%%

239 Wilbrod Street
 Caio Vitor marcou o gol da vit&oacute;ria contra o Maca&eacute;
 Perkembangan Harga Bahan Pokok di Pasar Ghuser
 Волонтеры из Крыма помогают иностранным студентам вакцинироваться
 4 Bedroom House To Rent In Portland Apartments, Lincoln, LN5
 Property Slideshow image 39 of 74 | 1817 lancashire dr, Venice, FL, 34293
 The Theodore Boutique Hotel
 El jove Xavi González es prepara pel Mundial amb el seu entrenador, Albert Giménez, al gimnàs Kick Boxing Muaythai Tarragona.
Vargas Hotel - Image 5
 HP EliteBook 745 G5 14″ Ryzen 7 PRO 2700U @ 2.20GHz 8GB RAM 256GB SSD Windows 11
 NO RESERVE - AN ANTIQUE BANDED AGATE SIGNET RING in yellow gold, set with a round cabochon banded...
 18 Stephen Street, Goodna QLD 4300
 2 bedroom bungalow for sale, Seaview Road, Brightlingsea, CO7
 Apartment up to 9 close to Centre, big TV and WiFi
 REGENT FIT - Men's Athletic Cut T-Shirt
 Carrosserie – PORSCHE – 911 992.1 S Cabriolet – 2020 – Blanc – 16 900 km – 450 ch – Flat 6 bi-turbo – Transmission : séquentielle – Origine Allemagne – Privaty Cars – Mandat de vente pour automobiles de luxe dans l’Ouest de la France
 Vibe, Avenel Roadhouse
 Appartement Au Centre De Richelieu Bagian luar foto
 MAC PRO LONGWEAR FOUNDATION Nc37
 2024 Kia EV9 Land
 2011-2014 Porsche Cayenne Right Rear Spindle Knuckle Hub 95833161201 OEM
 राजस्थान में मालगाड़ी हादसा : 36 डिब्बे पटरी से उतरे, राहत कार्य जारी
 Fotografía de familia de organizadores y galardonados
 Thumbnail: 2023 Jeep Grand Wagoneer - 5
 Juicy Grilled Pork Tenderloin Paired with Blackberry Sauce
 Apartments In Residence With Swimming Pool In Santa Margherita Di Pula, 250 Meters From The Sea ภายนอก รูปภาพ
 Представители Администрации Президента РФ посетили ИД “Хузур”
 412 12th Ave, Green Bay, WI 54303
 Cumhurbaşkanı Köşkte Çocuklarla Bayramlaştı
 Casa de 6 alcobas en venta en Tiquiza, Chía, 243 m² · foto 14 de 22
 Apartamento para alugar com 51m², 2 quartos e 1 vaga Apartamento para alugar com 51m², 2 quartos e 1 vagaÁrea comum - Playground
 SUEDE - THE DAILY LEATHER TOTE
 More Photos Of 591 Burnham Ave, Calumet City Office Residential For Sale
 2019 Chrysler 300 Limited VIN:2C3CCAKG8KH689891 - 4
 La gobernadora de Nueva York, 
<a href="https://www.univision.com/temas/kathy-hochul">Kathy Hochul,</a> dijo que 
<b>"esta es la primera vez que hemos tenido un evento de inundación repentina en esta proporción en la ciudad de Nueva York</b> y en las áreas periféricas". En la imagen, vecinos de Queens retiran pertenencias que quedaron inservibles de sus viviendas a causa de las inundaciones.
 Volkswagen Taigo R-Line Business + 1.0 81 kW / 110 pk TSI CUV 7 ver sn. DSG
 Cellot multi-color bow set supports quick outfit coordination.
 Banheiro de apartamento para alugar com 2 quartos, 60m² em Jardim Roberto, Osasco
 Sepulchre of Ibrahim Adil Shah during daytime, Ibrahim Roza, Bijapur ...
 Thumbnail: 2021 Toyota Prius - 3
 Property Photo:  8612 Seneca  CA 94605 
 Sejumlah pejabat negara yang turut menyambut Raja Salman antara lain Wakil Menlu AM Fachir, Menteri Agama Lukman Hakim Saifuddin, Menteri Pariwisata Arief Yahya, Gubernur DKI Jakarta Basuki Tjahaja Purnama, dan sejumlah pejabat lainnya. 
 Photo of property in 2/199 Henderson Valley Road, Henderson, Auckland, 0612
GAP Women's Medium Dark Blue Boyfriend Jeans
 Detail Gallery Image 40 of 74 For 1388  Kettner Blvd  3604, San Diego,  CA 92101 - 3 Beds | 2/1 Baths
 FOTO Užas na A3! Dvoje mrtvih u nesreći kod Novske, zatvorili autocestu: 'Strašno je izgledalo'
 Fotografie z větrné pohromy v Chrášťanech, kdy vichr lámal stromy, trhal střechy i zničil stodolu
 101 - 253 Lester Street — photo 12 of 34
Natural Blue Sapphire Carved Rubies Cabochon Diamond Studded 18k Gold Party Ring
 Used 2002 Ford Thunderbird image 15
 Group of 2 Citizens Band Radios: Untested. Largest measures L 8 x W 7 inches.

%%

• ABOUT THIS EXERCISE:
Return exactly the lines from the line bearing "GAP Women's Medium Dark Blue Boyfriend Jeans" to the end of the records, inclusive of both; include no other lines.

• RESULT OF THE EXERCISE:
GAP Women's Medium Dark Blue Boyfriend Jeans
 Detail Gallery Image 40 of 74 For 1388  Kettner Blvd  3604, San Diego,  CA 92101 - 3 Beds | 2/1 Baths
 FOTO Užas na A3! Dvoje mrtvih u nesreći kod Novske, zatvorili autocestu: 'Strašno je izgledalo'
 Fotografie z větrné pohromy v Chrášťanech, kdy vichr lámal stromy, trhal střechy i zničil stodolu
 101 - 253 Lester Street — photo 12 of 34
Natural Blue Sapphire Carved Rubies Cabochon Diamond Studded 18k Gold Party Ring
 Used 2002 Ford Thunderbird image 15
 Group of 2 Citizens Band Radios: Untested. Largest measures L 8 x W 7 inches.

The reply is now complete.